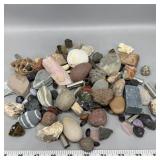 Miscellaneous rocks, shells, marbles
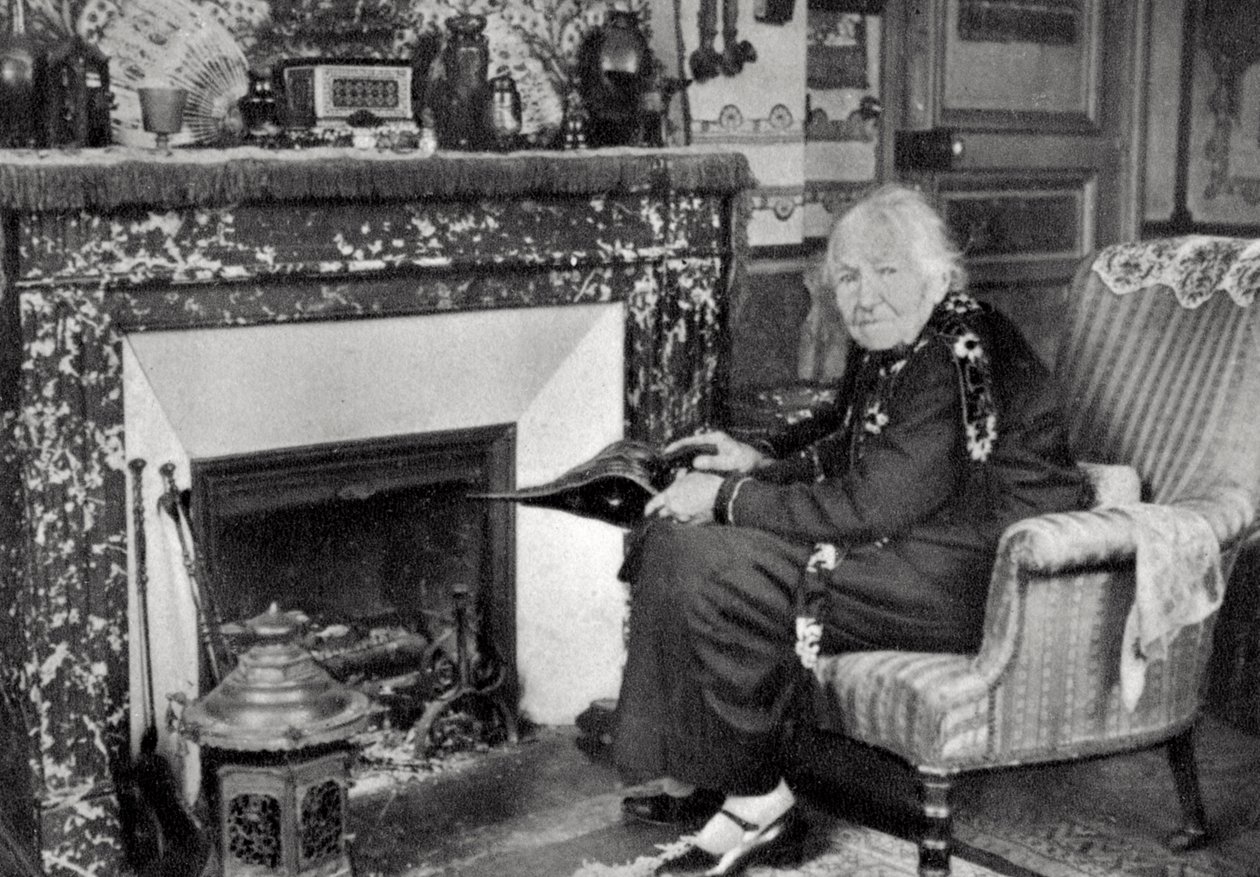 Juliette Adam, fransk forfatter og feminist, 1929 af Unbekannt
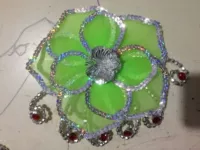 Шампанское высокое светло -зеленое 66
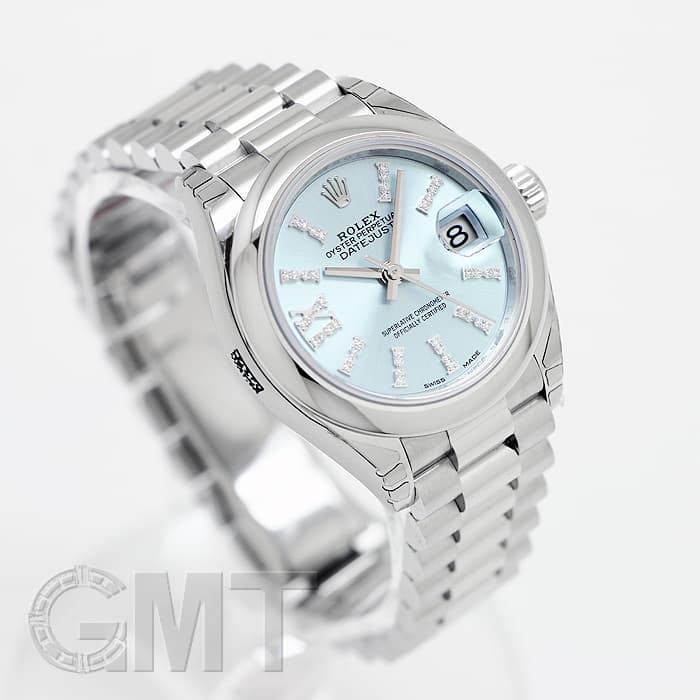 新品)ROLEX ロレックス デイトジャスト 28 279166 アイスブルー 9P IX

What the task requires
Quote everything in the listing above exactly; pictures are the only thing to omit.

Problem solution
 Miscellaneous rocks, shells, marbles
 Juliette Adam, fransk forfatter og feminist, 1929 af Unbekannt
 Шампанское высокое светло -зеленое 66
 新品)ROLEX ロレックス デイトジャスト 28 279166 アイスブルー 9P IX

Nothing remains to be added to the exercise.